→ DATASET ENTRIES
=== Section Start ===
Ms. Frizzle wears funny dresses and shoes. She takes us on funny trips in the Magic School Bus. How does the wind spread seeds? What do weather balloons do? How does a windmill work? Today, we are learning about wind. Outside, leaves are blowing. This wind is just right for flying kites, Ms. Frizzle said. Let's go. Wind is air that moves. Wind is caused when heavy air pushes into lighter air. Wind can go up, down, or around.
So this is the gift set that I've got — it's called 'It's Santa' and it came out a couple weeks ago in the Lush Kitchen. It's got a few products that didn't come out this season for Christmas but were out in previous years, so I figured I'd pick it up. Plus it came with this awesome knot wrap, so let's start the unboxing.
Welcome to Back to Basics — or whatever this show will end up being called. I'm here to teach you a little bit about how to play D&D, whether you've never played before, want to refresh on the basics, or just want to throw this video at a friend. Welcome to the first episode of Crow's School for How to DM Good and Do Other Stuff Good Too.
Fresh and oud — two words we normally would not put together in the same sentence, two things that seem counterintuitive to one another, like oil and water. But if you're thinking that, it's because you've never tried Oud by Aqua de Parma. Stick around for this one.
=== Section End ===
=== Section Start ===
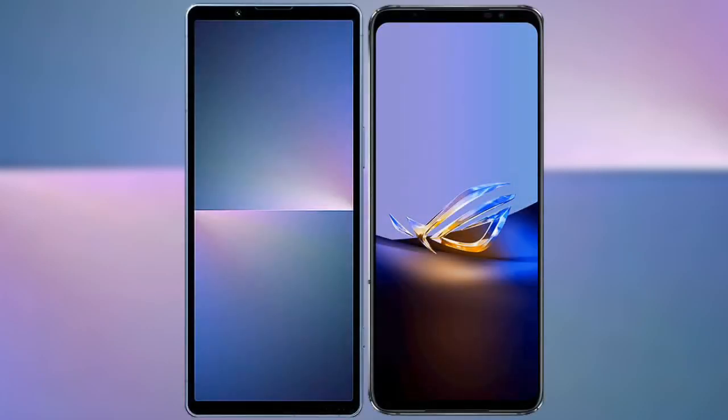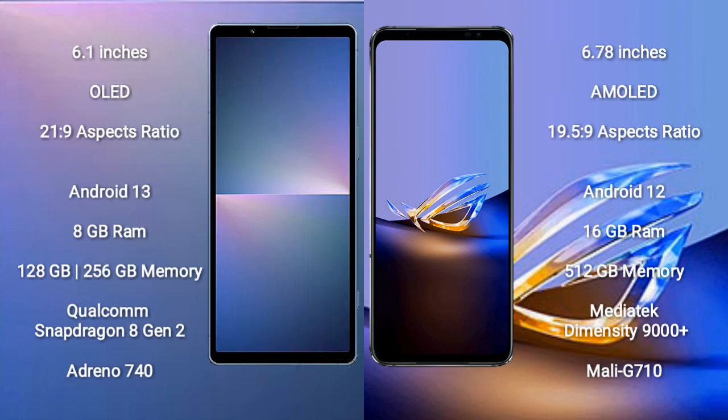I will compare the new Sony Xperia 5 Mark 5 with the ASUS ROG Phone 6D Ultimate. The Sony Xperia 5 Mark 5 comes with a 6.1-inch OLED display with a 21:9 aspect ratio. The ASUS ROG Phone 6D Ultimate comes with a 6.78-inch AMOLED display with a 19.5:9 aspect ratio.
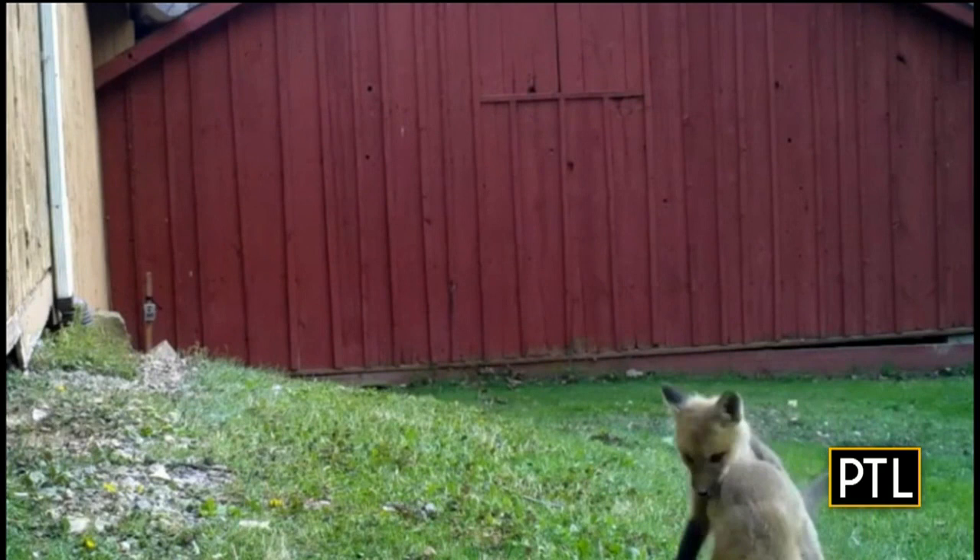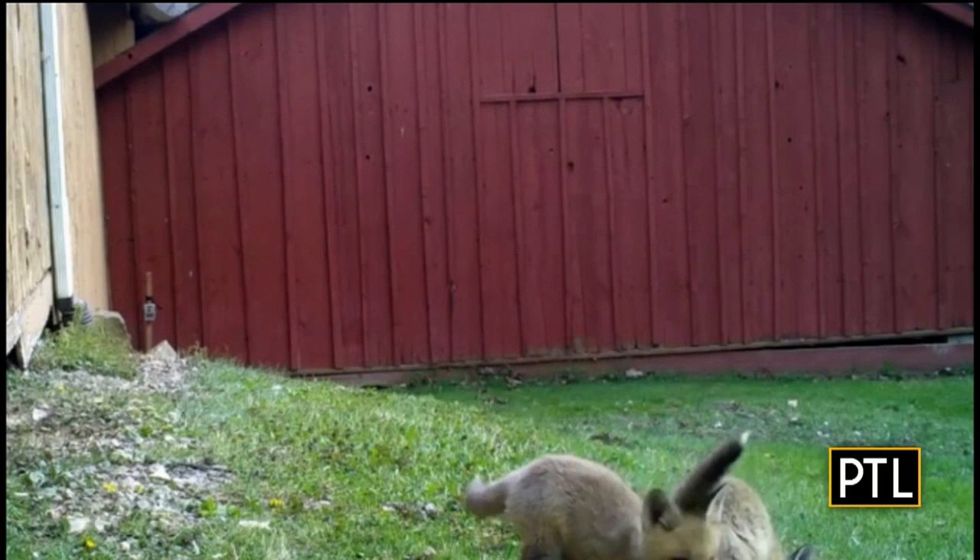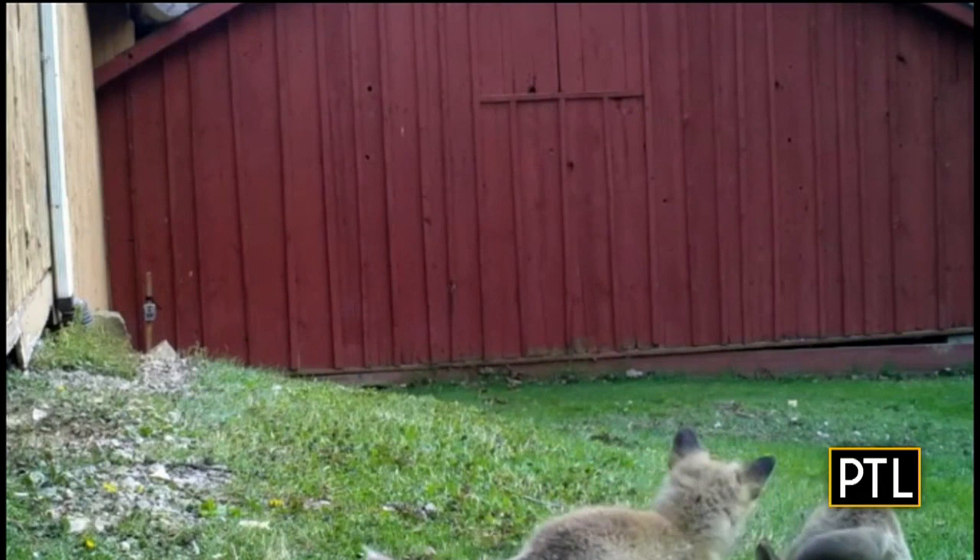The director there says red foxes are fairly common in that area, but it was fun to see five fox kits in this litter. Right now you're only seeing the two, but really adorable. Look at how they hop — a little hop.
=== Section End ===
→ ACTIVITY
Copy out the range of lines above starting at the line with "So this is the" and ending at the line with "Fresh and oud", exactly and including both.

→ YOUR SOLUTION
So this is the gift set that I've got — it's called 'It's Santa' and it came out a couple weeks ago in the Lush Kitchen. It's got a few products that didn't come out this season for Christmas but were out in previous years, so I figured I'd pick it up. Plus it came with this awesome knot wrap, so let's start the unboxing.
Welcome to Back to Basics — or whatever this show will end up being called. I'm here to teach you a little bit about how to play D&D, whether you've never played before, want to refresh on the basics, or just want to throw this video at a friend. Welcome to the first episode of Crow's School for How to DM Good and Do Other Stuff Good Too.
Fresh and oud — two words we normally would not put together in the same sentence, two things that seem counterintuitive to one another, like oil and water. But if you're thinking that, it's because you've never tried Oud by Aqua de Parma. Stick around for this one.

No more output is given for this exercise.